TASK TO CARRY OUT → All of the data that follows should be retyped exactly as it appears.

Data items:
=== Section Start ===

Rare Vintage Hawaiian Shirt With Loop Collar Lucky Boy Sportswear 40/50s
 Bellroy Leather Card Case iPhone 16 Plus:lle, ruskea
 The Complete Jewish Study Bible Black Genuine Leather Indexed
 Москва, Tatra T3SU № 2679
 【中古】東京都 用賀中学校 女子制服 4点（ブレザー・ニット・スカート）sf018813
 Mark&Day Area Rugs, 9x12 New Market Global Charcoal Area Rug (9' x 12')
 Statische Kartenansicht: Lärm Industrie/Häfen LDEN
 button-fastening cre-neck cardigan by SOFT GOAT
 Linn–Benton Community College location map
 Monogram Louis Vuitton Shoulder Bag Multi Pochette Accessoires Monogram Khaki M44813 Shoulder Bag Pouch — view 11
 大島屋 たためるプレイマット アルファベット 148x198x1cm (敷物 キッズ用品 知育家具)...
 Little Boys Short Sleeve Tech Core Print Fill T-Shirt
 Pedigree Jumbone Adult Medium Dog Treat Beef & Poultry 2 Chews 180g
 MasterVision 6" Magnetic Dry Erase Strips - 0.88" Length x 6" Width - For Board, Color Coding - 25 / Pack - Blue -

=== Section End ===

SOLUTION TO THIS PROBLEM →
Rare Vintage Hawaiian Shirt With Loop Collar Lucky Boy Sportswear 40/50s
 Bellroy Leather Card Case iPhone 16 Plus:lle, ruskea
 The Complete Jewish Study Bible Black Genuine Leather Indexed
 Москва, Tatra T3SU № 2679
 【中古】東京都 用賀中学校 女子制服 4点（ブレザー・ニット・スカート）sf018813
 Mark&Day Area Rugs, 9x12 New Market Global Charcoal Area Rug (9' x 12')
 Statische Kartenansicht: Lärm Industrie/Häfen LDEN
 button-fastening cre-neck cardigan by SOFT GOAT
 Linn–Benton Community College location map
 Monogram Louis Vuitton Shoulder Bag Multi Pochette Accessoires Monogram Khaki M44813 Shoulder Bag Pouch — view 11
 大島屋 たためるプレイマット アルファベット 148x198x1cm (敷物 キッズ用品 知育家具)...
 Little Boys Short Sleeve Tech Core Print Fill T-Shirt
 Pedigree Jumbone Adult Medium Dog Treat Beef & Poultry 2 Chews 180g
 MasterVision 6" Magnetic Dry Erase Strips - 0.88" Length x 6" Width - For Board, Color Coding - 25 / Pack - Blue -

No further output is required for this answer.